Assigned task: Each line below is to be repeated exactly; any picture is to be left out.

Data shown:
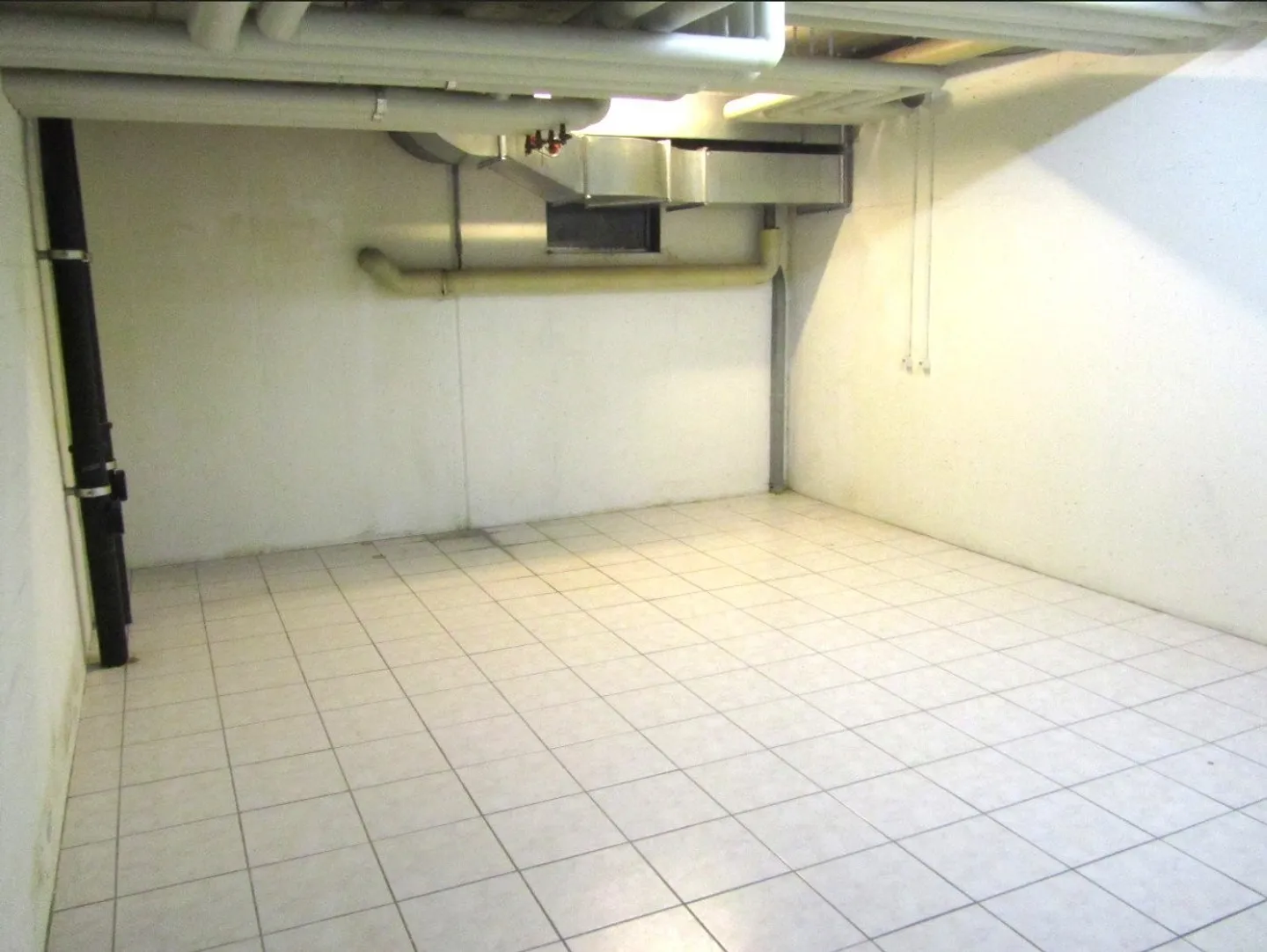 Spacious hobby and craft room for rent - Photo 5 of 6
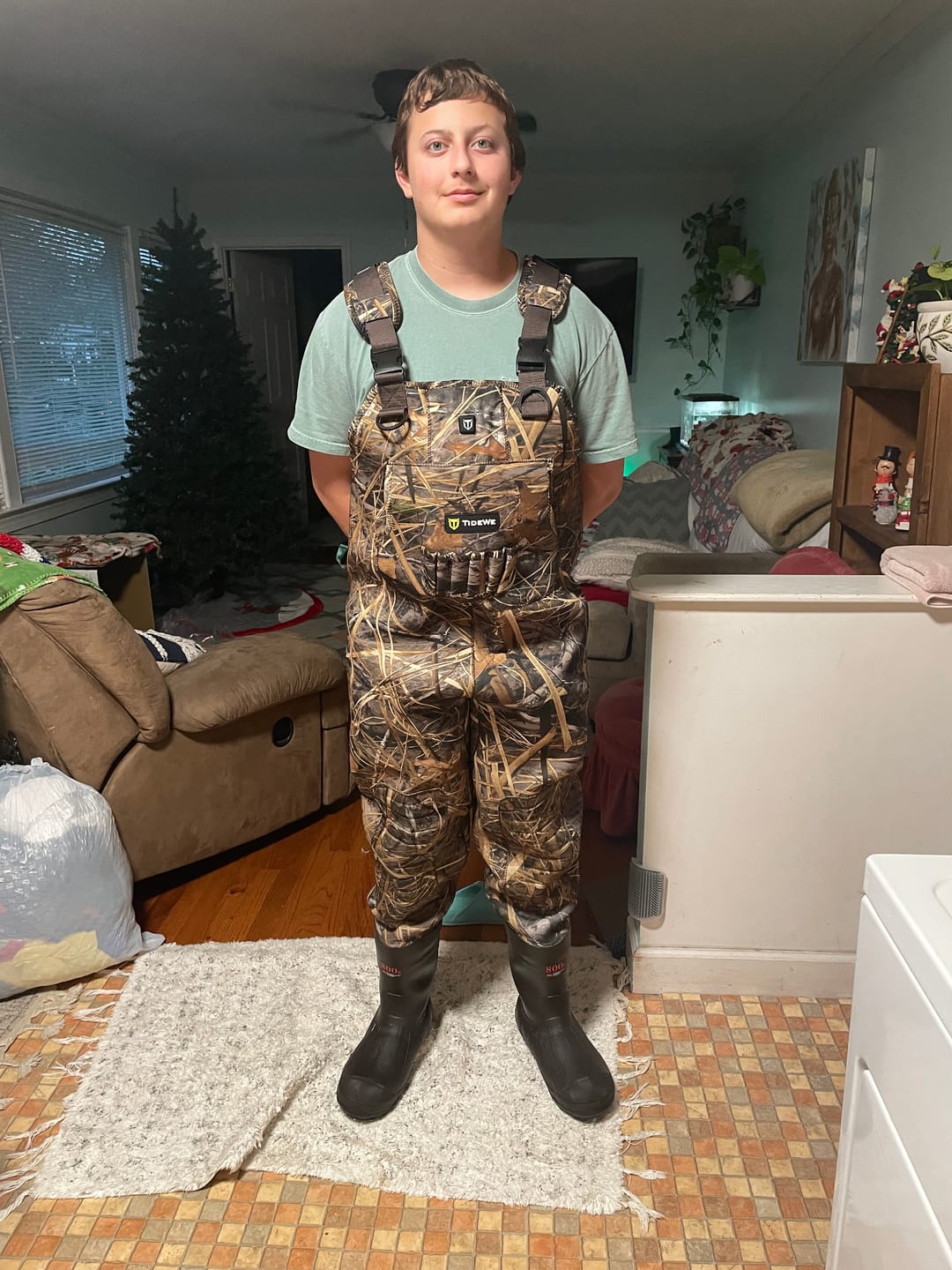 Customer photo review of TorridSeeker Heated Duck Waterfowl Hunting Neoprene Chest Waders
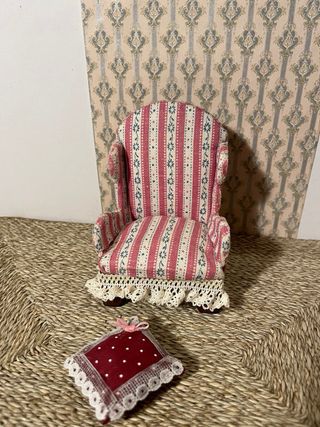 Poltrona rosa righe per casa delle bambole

Output below:
 Spacious hobby and craft room for rent - Photo 5 of 6
 Customer photo review of TorridSeeker Heated Duck Waterfowl Hunting Neoprene Chest Waders
 Poltrona rosa righe per casa delle bambole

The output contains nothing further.